### [Work task]
What you print must match the data line for line.

Short text fragments from websites
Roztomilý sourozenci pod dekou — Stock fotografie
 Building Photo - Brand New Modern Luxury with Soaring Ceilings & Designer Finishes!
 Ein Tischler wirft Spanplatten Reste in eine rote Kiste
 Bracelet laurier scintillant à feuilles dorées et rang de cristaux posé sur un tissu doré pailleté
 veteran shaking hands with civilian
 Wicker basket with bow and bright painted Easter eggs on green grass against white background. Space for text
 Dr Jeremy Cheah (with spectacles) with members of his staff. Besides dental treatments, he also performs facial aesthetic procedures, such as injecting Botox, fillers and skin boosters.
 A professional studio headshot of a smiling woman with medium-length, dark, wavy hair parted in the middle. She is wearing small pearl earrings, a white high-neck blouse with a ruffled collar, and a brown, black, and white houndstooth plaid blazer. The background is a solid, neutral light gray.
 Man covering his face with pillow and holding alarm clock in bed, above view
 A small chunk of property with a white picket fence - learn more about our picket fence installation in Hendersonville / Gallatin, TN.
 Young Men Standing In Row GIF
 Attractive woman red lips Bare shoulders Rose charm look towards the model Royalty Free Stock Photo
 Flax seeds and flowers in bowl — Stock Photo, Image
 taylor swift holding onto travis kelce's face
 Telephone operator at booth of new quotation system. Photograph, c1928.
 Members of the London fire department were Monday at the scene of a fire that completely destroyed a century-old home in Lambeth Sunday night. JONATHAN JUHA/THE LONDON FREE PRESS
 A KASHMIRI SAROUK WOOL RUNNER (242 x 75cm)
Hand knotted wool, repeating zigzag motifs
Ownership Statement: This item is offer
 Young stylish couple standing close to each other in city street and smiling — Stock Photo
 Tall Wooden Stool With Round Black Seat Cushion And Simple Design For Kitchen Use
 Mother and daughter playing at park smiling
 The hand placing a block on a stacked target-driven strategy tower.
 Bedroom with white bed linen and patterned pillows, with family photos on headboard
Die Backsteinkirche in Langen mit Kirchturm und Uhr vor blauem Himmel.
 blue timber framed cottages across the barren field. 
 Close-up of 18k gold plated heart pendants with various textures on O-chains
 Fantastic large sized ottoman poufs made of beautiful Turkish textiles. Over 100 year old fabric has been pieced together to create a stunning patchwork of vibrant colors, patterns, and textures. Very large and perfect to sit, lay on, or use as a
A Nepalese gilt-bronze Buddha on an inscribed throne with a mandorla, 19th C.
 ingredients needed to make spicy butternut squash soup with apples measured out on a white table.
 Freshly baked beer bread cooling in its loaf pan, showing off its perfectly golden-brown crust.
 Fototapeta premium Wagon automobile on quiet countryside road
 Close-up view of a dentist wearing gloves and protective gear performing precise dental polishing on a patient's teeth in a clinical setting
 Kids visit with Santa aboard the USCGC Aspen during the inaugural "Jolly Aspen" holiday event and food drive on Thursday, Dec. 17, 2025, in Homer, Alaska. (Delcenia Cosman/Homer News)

### [Answer below]
Roztomilý sourozenci pod dekou — Stock fotografie
 Building Photo - Brand New Modern Luxury with Soaring Ceilings & Designer Finishes!
 Ein Tischler wirft Spanplatten Reste in eine rote Kiste
 Bracelet laurier scintillant à feuilles dorées et rang de cristaux posé sur un tissu doré pailleté
 veteran shaking hands with civilian
 Wicker basket with bow and bright painted Easter eggs on green grass against white background. Space for text
 Dr Jeremy Cheah (with spectacles) with members of his staff. Besides dental treatments, he also performs facial aesthetic procedures, such as injecting Botox, fillers and skin boosters.
 A professional studio headshot of a smiling woman with medium-length, dark, wavy hair parted in the middle. She is wearing small pearl earrings, a white high-neck blouse with a ruffled collar, and a brown, black, and white houndstooth plaid blazer. The background is a solid, neutral light gray.
 Man covering his face with pillow and holding alarm clock in bed, above view
 A small chunk of property with a white picket fence - learn more about our picket fence installation in Hendersonville / Gallatin, TN.
 Young Men Standing In Row GIF
 Attractive woman red lips Bare shoulders Rose charm look towards the model Royalty Free Stock Photo
 Flax seeds and flowers in bowl — Stock Photo, Image
 taylor swift holding onto travis kelce's face
 Telephone operator at booth of new quotation system. Photograph, c1928.
 Members of the London fire department were Monday at the scene of a fire that completely destroyed a century-old home in Lambeth Sunday night. JONATHAN JUHA/THE LONDON FREE PRESS
 A KASHMIRI SAROUK WOOL RUNNER (242 x 75cm)
Hand knotted wool, repeating zigzag motifs
Ownership Statement: This item is offer
 Young stylish couple standing close to each other in city street and smiling — Stock Photo
 Tall Wooden Stool With Round Black Seat Cushion And Simple Design For Kitchen Use
 Mother and daughter playing at park smiling
 The hand placing a block on a stacked target-driven strategy tower.
 Bedroom with white bed linen and patterned pillows, with family photos on headboard
Die Backsteinkirche in Langen mit Kirchturm und Uhr vor blauem Himmel.
 blue timber framed cottages across the barren field. 
 Close-up of 18k gold plated heart pendants with various textures on O-chains
 Fantastic large sized ottoman poufs made of beautiful Turkish textiles. Over 100 year old fabric has been pieced together to create a stunning patchwork of vibrant colors, patterns, and textures. Very large and perfect to sit, lay on, or use as a
A Nepalese gilt-bronze Buddha on an inscribed throne with a mandorla, 19th C.
 ingredients needed to make spicy butternut squash soup with apples measured out on a white table.
 Freshly baked beer bread cooling in its loaf pan, showing off its perfectly golden-brown crust.
 Fototapeta premium Wagon automobile on quiet countryside road
 Close-up view of a dentist wearing gloves and protective gear performing precise dental polishing on a patient's teeth in a clinical setting
 Kids visit with Santa aboard the USCGC Aspen during the inaugural "Jolly Aspen" holiday event and food drive on Thursday, Dec. 17, 2025, in Homer, Alaska. (Delcenia Cosman/Homer News)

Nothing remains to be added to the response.